(Collected data entries)
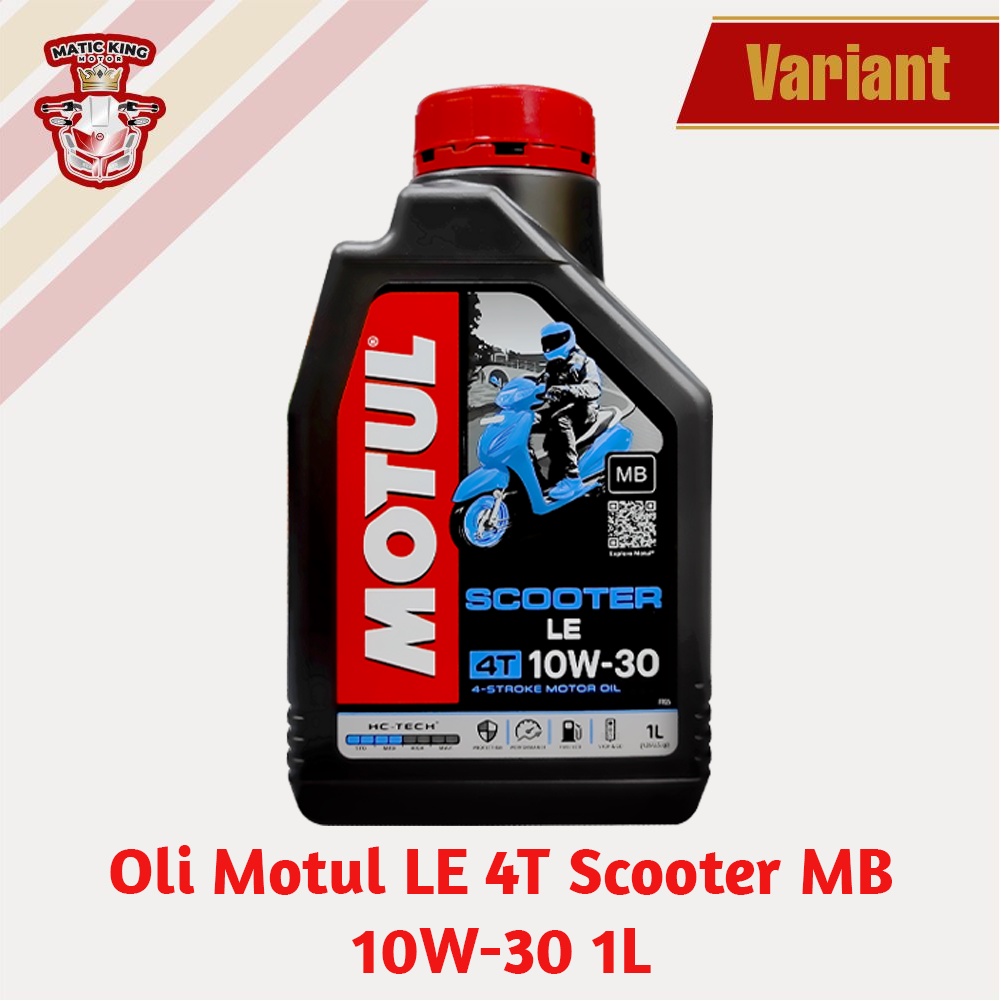 Motul Oli Mesin Scooter LE 10W-30 JASO MB API 1L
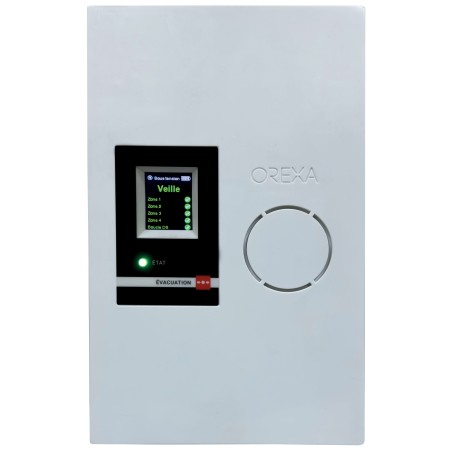 Alarme Type 4 secteur Orexa 1 à 4 boucles avec sirène intégrée + Ecran LCD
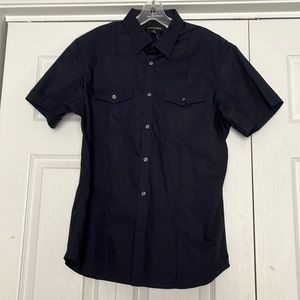 Banana Republic mens short sleeve button down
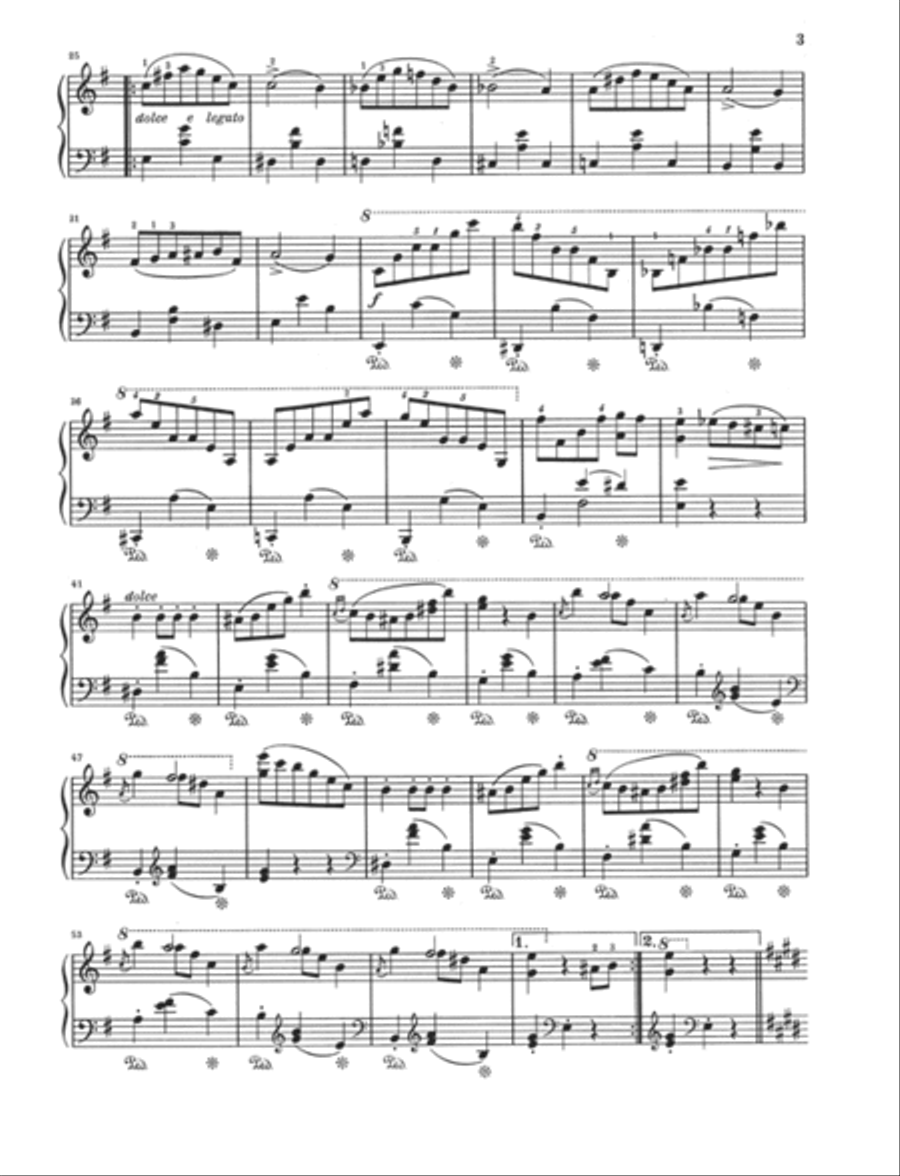 Waltz in E minor Op. Posth. Piano Solo scores gallery preview page 3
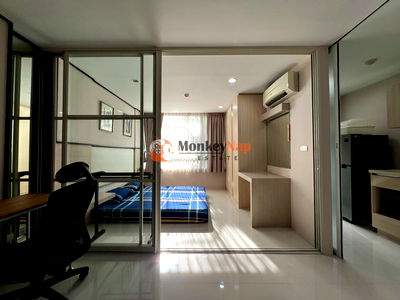 คอนโดให้เช่า : ให้เช่า - อิลิเม้น ศรีนครินทร์ สตูดิโอ 1 ห้องน้ำ 37 ตรม ชั้น 1 ราคา 9,500 ติดต่อ 0924424505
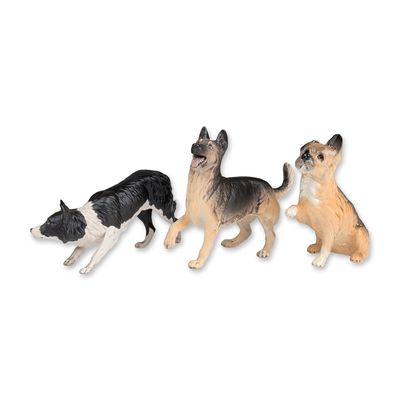 3pc Royal Doulton Porcelain Dog Figurines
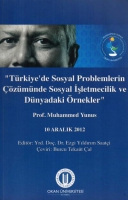 Trkiye'de Sosyal Problemlerin zmnde Sosyal İşletmecilik ve Dnyadaki rnekler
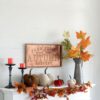 Velvet Maple Leaf Spray, Botanicals Decor For Harvest Festival Fall Festival & Thanksgiving Table Decorations (Set of 6) - Green - Image 13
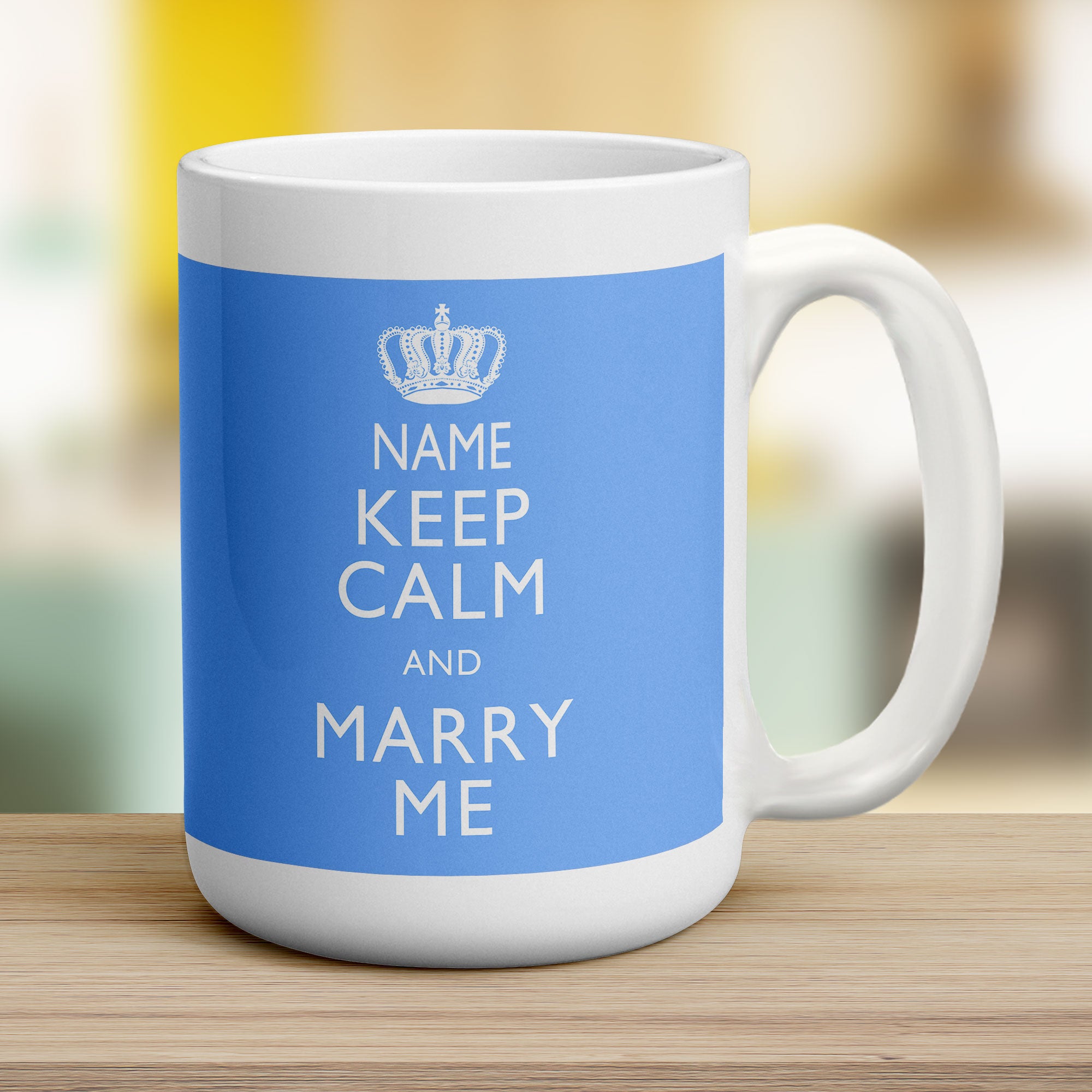 Keep Calm and Marry Me - Jumbo 440ml (15oz) / White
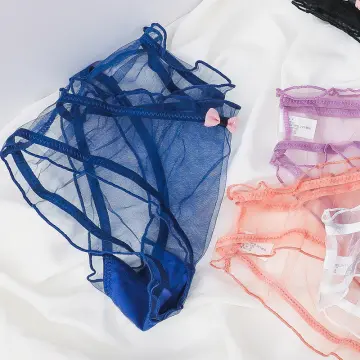 Sissy Lilac Clear Pvc Panties Knickers Waterproof Plastic Snaps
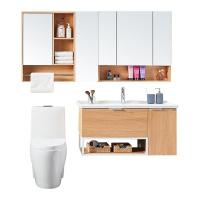 心海伽蓝(SHKL)北欧定制挂墙式浴室柜组合多层板卫浴吊柜卫生间洗脸盆洗手台盆柜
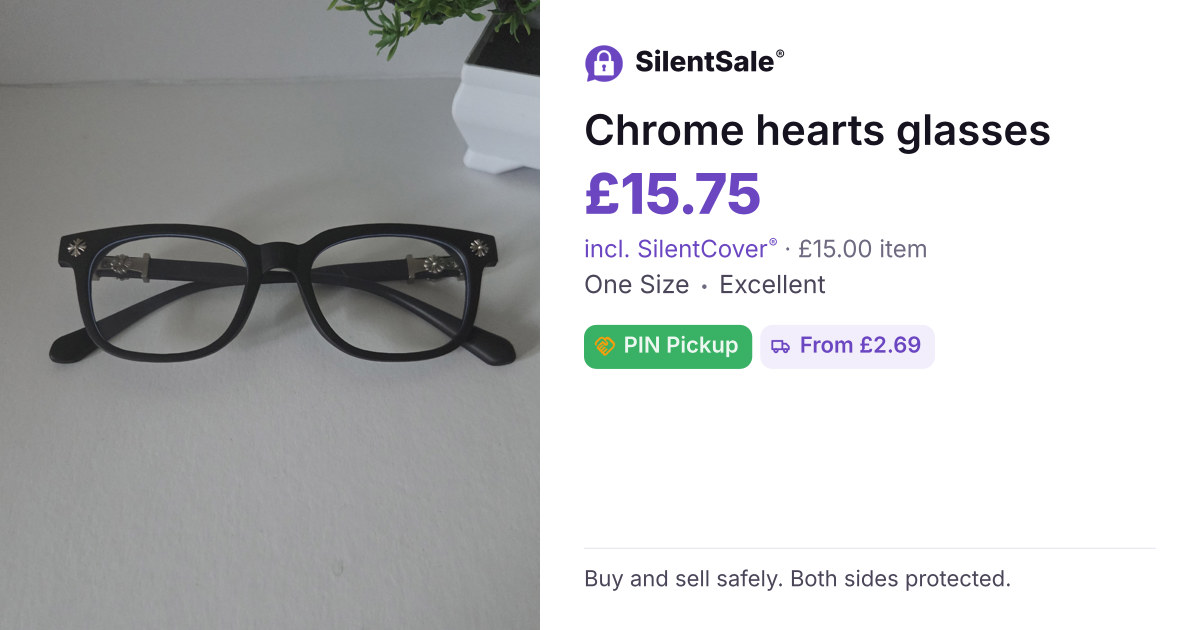 Chrome hearts glasses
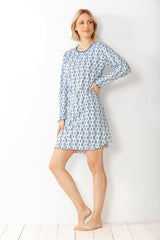 Sleepshirt 95 cm Premium Cotton/Tencel - 46119-602-40/42 - Hajo Mode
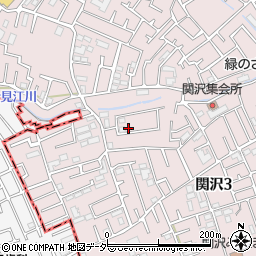 埼玉県富士見市関沢3丁目34-9周辺の地図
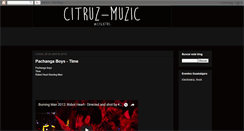 Desktop Screenshot of citruzmuzic.blogspot.com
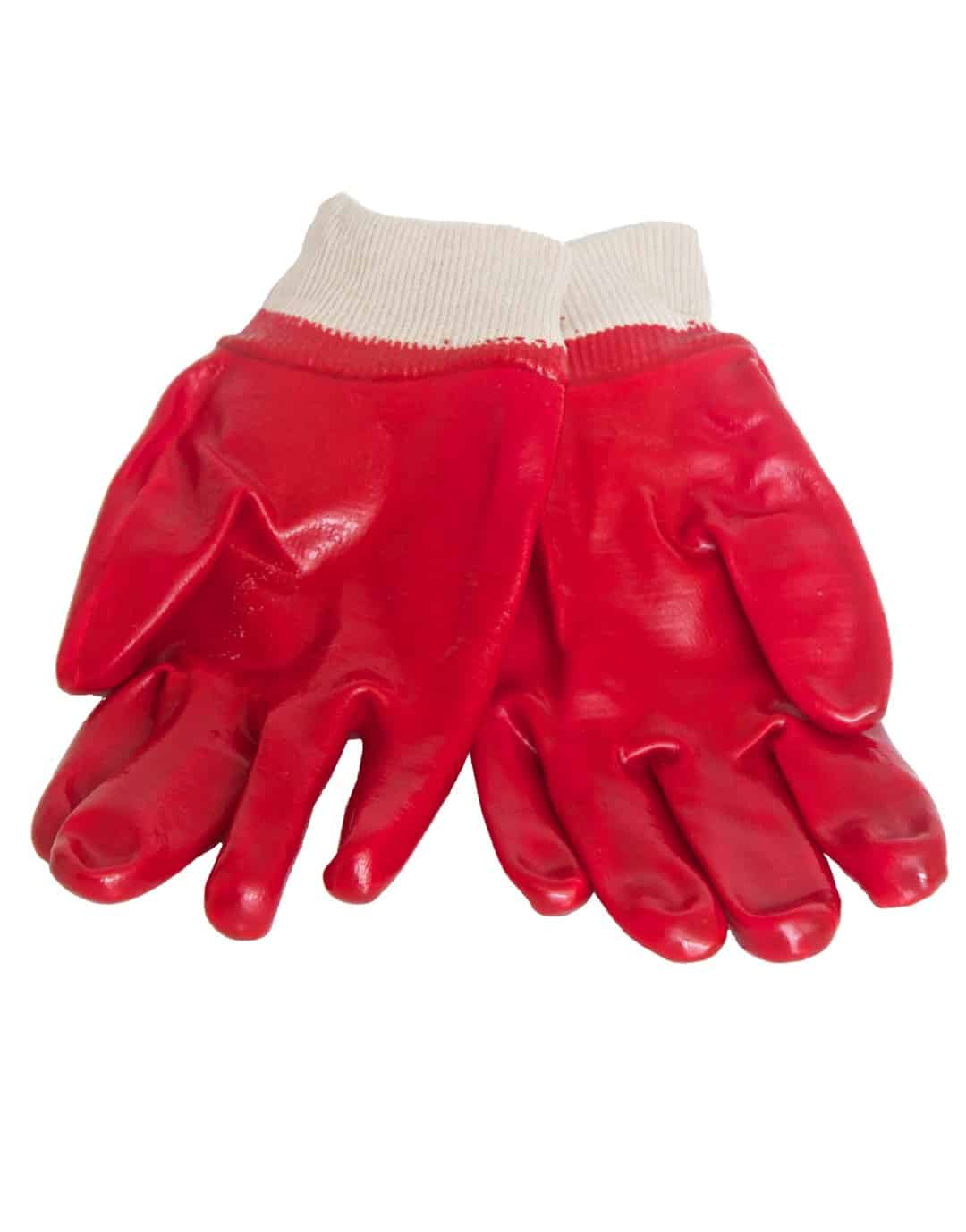 RED PVC GLOVES | WRIST LENGTH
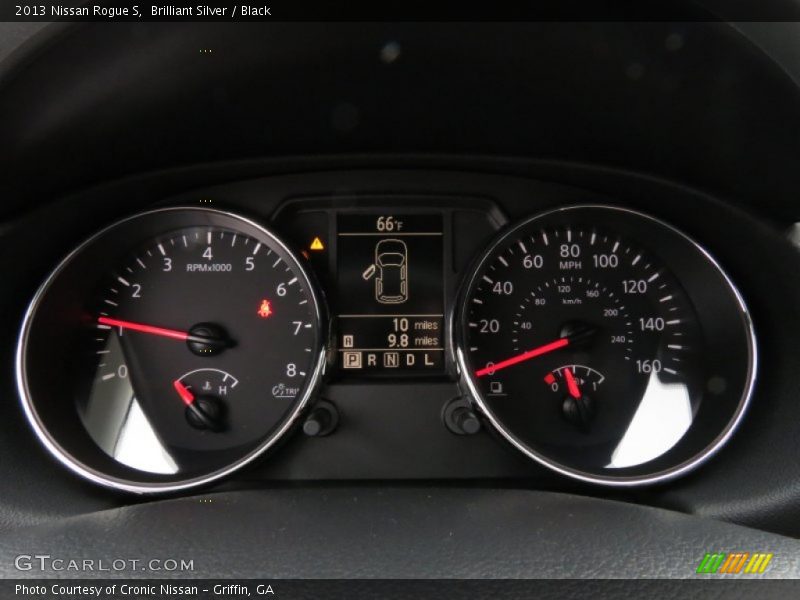 Brilliant Silver / Black 2013 Nissan Rogue S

**Task**
Nothing but the lines from the line with "Keep Calm and" through the last line of the data above should be printed, exactly as written and without pictures.

**Reply**
 Keep Calm and Marry Me - Jumbo 440ml (15oz) / White
 Sissy Lilac Clear Pvc Panties Knickers Waterproof Plastic Snaps
 心海伽蓝(SHKL)北欧定制挂墙式浴室柜组合多层板卫浴吊柜卫生间洗脸盆洗手台盆柜
 Chrome hearts glasses
 Sleepshirt 95 cm Premium Cotton/Tencel - 46119-602-40/42 - Hajo Mode
 埼玉県富士見市関沢3丁目34-9周辺の地図
 Desktop Screenshot of citruzmuzic.blogspot.com
 RED PVC GLOVES | WRIST LENGTH
 Brilliant Silver / Black 2013 Nissan Rogue S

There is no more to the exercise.